Saturday, March 19, 2005

Fighting the last war

We stopped to see a military building left over from Saddam’s regime. The building had two stories, awas about a quarter mile long on each side, and inside was a large unroofed parade field. The corners were circular rather than squared off or rounded off. The corners had small windows, actually firing ports, and inside it was simply a hall way wide enough for soldiers to standand shoot. Looks like the building was intended to serve as a fortress.

The building was one of three we saw in a long valley; "a vast agricultural plain" as it was described to us. A high ridgeline overlooked the valley, and peaks on the ridgeline were topped with bunkers. As far as I could see in either direction, bunkers stood out against the blue sky. Apparently the buildings were headquarters for a couple of battalions or regiments, and the bunkers formed a type of Maginot or Seigfried line. The valley served as an open field of fire for invading Turks, or Americans for that matter, to cross, and Saddam had set it up to protect the oilfields on the other side of the ridge.

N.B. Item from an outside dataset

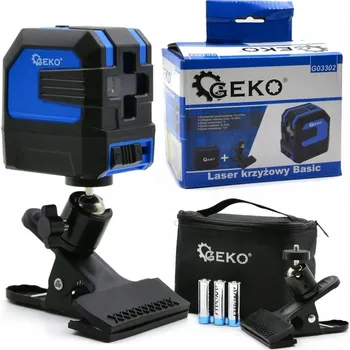 Měřící laser Geko G03302 20m křížový laser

The buildings we saw were topless, thanks to the US Air Force, but the ground floor was pretty much intact. Except for having been looted of every single thing you can imagine; widow frames, doors, wiring, plumbing, everything but the walls and the paint on the walls was gone. Everything except a couple of rooms of filthy uniforms and boots strewn among the rubble.

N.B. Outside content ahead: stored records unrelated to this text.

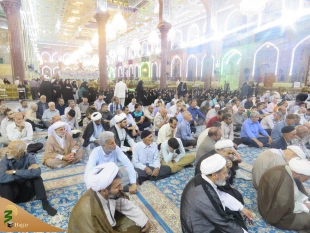 ازدواج فرخنده حضرت علی(ع) و فاطمه زهرا(س) یک واقعه مهم و درس‌آموز

خطیب بعثه مقام معظم رهبری در کربلا در جمع زائرین ایرانی در حرم امام حسین(ع) با اشاره به فرارسیدن سالروز ازدواج فرخنده حضرت علی(ع) و فاطمه زهرا(س) این ازدواج را یک واقعه مهم و درس‌آموز دا
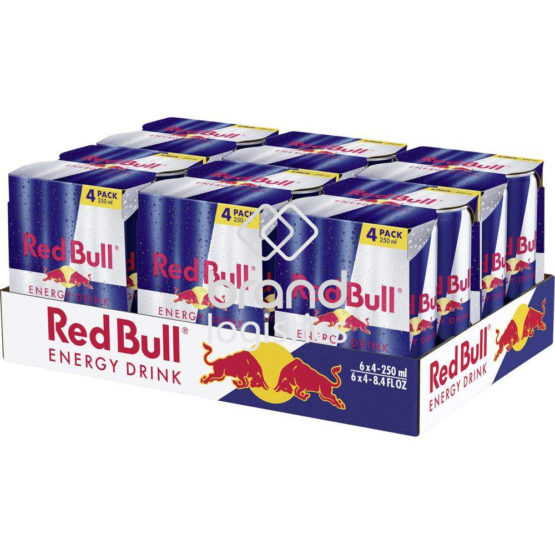 Red Bull Energy Drink Classic, 6 x 4 x 250ml EINWEG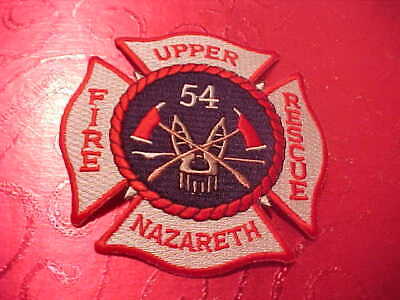 Nazareth  Fire Dept. Pennsylvania fire patch 3.75" x 3.75" size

It didn’t look like we attacked the bunkers on the Saddam Line, but they are so exposed that the Air Force could take them out easily if necessary. The bunkers look pretty cool, marching along the skyline into the vast hazy distance, but wouldn’t be very useful against US armed forces. Bunkers are good only for line of sight engagements, and Army artillery could rubble them from over the horizon. And then bounce the rubble, if they chose to.